• [EXERCISE BRIEF] Restate word for word the lines of the material below, from the line with "Iced latte in" to the line with "mr_and_mrs_2_hearts - Unisex", both lines included, and no others.

• [TASK MATERIAL]
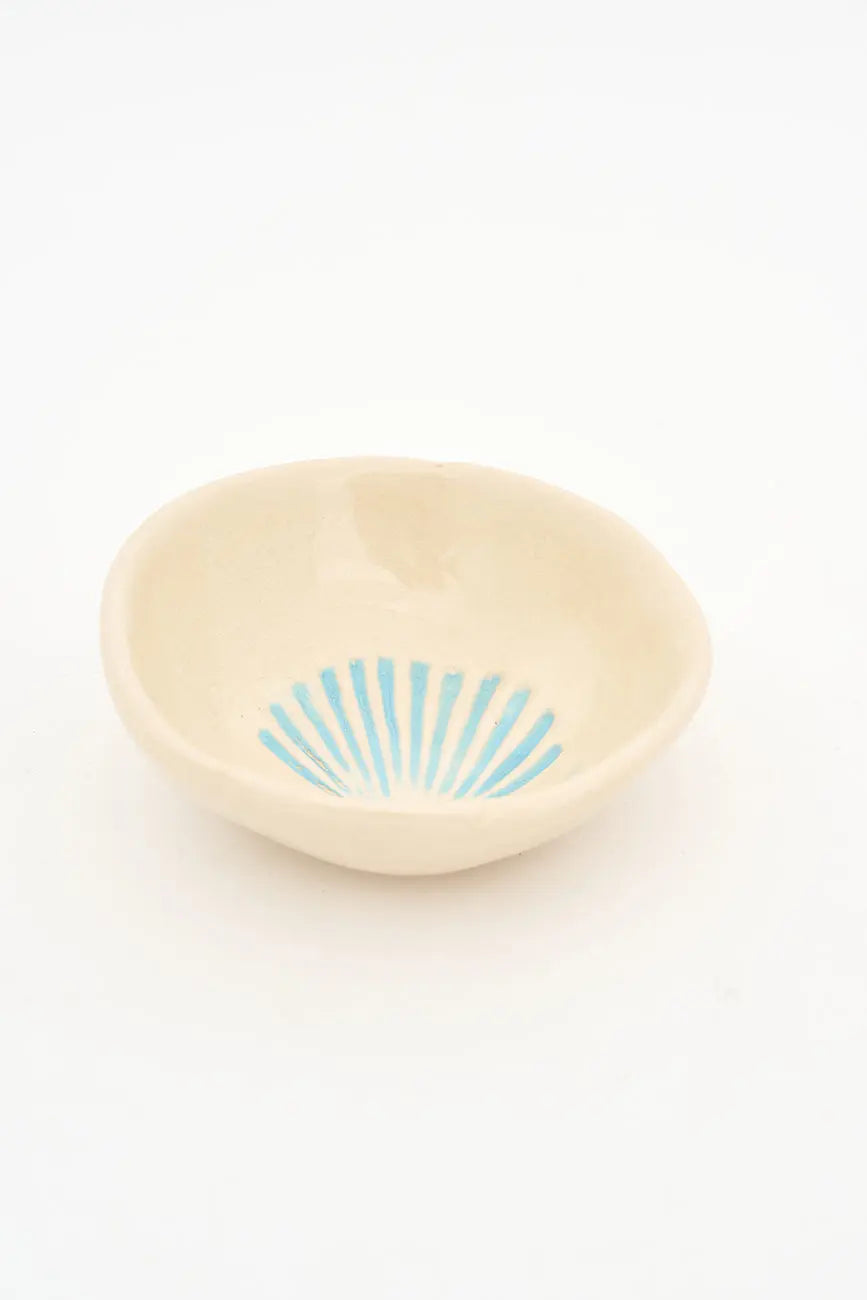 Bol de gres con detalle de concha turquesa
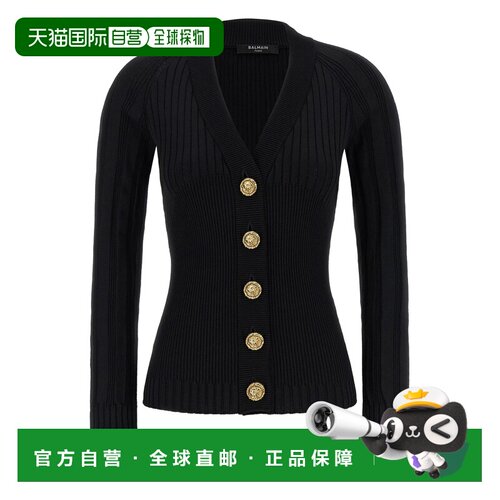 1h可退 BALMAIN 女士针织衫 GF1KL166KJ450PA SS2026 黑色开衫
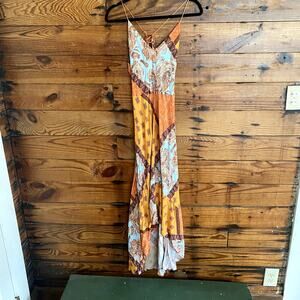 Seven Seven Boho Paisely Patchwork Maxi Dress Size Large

* * *

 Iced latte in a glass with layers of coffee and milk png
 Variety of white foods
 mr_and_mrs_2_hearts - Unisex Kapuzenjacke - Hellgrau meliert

• [ANSWER FOR THE TASK]
 Iced latte in a glass with layers of coffee and milk png
 Variety of white foods
 mr_and_mrs_2_hearts - Unisex Kapuzenjacke - Hellgrau meliert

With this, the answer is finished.